ÇEVRE - 26 Ekim 2016 Çarşamba 13:16

İstanbul su sorunu yaşayacak mı?

A
A
A
İstanbul su sorunu yaşayacak mı?

Orman ve Su İşleri Bakanı Veysel Eroğlu, İstanbul’un 2071 yılına kadar su problemi olmadığını söyledi.

Orman ve Su İşleri Bakanı Veysel Eroğlu, Antalya programı kapsamında Belek Turizm Merkezindeki bir otelde Devlet Su İşleri Genel Müdürlüğü ve Uluslararası Büyük Barajlar Komisyonu Türk Milli Komitesince düzenlenen Sürdürülebilir Kalkınma İçin Barajlar ve HES’ler Sempozyumuna katıldı.

Açılışta konuşan Bakan Eroğlu, Orman ve Su İşleri Bakanlığının sloganının ‘Su varsa hayat var’ olduğunu aktararak, suyu yönetmenin önemli olduğunun altını çizdi.

"YETERLİ SU VERİLİYOR"

Türkiye’nin su bakımından zengin olmadığına değinen Eroğlu, "Suyu yönetmek için düzenlemeler yapıldı. Su ile ilgili bakanlık kuruldu.
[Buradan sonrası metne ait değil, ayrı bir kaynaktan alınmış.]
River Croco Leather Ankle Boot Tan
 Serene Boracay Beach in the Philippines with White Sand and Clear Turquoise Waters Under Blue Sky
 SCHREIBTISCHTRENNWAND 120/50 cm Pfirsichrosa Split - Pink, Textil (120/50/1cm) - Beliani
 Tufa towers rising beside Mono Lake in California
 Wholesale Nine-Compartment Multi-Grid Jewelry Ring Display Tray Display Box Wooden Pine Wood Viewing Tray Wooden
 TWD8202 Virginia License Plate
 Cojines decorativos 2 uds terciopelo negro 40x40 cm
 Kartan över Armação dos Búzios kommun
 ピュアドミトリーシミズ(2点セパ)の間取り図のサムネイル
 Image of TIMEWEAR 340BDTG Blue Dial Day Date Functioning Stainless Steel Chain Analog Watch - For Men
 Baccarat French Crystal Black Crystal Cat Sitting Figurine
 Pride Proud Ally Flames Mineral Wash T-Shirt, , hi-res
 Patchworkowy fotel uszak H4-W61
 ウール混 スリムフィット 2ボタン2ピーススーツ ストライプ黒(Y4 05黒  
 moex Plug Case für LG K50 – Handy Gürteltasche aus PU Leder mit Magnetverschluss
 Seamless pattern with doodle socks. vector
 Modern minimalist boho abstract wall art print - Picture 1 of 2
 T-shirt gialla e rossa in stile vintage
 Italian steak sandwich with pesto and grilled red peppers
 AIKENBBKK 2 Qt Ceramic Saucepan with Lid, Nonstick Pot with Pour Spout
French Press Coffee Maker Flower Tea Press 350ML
Türkiye yarı kurak iklim bölgesinde, su açısından çok iyi yönetmezsek susuz kalabiliriz. İstanbul, Cumhurbaşkanımız Recep Tayyip Erdoğan’ın belediye başkanı olmadığı dönemden önce susuz bir şehirdi. Bazı bölgelere haftada bir su verilirdi. Şuanda suyu çok iyi yönettik, kısa zamanda su kesintilerini kaldırdık. İstanbul’un 2071 yılına kadar su problemi yok. 2003 yılında DSİ’ye geçtim ve 76 şehirde su problemi olduğunu gördük. Türkiye yarı kurak iklim bölgesinde olmasına rağmen suya erişim açısından yüzde 99.9 kadar yeterli vatandaşına su veren ülke haline geldi" dedi.

BİRİKİMİN ÖNEMİ

Suyun medeniyet olduğunu vurgulayan Eroğlu, "Dünyanın en eski su yapıları Türkiye’de. Türkiye’nin ilk barajı Çorum’da. Türkiye’de yağış fazla değil. Mevsimlere göre farklılık gösteriyor. Yaz aylarında yağmur yağmaz. Bölgelere göre çok değişiyor. Su bölgeler arasında değişim gösteriyor. Suyun biriktirilmesi zaruri hale gelmiştir. Su ihtiyacımızın yüzde 70’ini sulamada kullanıyoruz. O nedenle suyu biriktirmek zorundayız. Biriktirme yapılması şarttır. Türkiye Çin’den sonra en fazla baraj ve gölet yapan ülke ünvanını aldı. Birikim yapamazsan ne sulamada ne içmeye nede sanayine su temin edemeyiz" diye konuştu.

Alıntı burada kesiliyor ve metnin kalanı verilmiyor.